LISTED RECORDS Block Start

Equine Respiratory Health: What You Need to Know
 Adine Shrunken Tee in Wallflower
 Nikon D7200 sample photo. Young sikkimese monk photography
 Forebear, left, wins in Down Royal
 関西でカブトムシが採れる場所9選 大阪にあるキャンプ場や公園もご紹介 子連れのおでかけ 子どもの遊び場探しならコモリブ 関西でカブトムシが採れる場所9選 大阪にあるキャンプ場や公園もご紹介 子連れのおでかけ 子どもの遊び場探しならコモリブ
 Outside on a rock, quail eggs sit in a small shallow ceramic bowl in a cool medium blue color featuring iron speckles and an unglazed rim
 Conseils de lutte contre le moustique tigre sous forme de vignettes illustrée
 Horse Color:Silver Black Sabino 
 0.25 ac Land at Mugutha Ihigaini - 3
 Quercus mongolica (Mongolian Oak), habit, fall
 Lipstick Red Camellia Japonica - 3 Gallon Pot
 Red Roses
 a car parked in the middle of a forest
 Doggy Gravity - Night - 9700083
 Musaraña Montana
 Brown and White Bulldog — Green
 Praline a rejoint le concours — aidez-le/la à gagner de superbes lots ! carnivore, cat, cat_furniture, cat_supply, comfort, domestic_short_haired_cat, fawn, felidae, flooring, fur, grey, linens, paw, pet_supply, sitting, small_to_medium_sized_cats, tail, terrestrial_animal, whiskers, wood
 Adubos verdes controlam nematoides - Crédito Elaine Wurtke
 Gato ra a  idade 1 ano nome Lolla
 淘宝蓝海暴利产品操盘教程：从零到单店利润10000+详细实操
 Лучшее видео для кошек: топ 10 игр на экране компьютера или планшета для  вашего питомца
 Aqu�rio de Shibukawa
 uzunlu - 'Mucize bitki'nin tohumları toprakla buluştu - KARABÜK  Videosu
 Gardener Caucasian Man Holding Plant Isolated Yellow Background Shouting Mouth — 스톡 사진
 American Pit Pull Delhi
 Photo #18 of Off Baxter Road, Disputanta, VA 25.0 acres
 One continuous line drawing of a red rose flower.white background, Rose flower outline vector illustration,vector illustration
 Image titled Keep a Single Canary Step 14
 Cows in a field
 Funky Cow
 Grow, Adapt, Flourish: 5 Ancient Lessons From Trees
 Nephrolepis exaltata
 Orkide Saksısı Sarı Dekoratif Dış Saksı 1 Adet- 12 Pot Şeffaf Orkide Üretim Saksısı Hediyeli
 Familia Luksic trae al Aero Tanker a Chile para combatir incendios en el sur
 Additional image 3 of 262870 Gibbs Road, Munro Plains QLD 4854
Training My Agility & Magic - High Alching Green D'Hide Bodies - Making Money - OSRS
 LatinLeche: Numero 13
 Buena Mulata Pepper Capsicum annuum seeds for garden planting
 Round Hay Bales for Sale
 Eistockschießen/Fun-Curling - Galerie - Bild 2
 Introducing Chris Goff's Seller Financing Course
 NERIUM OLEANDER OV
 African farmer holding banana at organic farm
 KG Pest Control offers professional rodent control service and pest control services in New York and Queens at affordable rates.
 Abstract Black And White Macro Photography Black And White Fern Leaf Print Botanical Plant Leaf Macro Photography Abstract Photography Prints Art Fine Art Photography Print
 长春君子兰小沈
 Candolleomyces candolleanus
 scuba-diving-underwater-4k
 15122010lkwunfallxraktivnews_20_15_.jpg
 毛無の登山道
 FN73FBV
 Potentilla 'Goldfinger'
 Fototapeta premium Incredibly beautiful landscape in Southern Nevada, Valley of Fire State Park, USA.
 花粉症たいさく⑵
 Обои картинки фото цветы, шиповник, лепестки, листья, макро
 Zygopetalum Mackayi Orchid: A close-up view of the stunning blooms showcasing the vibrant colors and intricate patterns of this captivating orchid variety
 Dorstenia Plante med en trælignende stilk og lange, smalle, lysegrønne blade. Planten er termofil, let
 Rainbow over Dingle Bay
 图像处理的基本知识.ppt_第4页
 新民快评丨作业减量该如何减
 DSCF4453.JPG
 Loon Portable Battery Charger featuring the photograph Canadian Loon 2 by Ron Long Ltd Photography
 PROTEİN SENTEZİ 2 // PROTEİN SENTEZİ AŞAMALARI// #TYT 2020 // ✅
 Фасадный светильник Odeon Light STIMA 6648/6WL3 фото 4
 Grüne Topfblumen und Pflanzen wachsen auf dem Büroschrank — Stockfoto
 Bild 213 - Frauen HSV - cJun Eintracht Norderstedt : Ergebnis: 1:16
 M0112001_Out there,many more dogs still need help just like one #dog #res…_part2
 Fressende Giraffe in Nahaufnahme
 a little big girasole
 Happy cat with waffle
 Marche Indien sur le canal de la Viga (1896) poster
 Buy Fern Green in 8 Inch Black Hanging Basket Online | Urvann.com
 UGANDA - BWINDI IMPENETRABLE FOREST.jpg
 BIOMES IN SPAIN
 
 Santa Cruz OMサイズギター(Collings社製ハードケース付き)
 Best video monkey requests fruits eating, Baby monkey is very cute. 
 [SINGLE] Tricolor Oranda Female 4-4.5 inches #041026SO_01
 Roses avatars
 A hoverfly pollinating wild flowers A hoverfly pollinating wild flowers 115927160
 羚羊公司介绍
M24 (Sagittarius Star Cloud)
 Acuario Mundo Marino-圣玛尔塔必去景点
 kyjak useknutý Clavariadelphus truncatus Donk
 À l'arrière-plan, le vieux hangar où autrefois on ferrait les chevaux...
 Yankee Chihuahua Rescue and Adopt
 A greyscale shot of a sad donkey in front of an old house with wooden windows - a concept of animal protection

LISTED RECORDS Block End

**INSTRUCTIONS FOR THE TASK:**
Copy task for the entries above: every line with the string "Black".

**EXERCISE RESULT:**
 Horse Color:Silver Black Sabino 
 Abstract Black And White Macro Photography Black And White Fern Leaf Print Botanical Plant Leaf Macro Photography Abstract Photography Prints Art Fine Art Photography Print
 Buy Fern Green in 8 Inch Black Hanging Basket Online | Urvann.com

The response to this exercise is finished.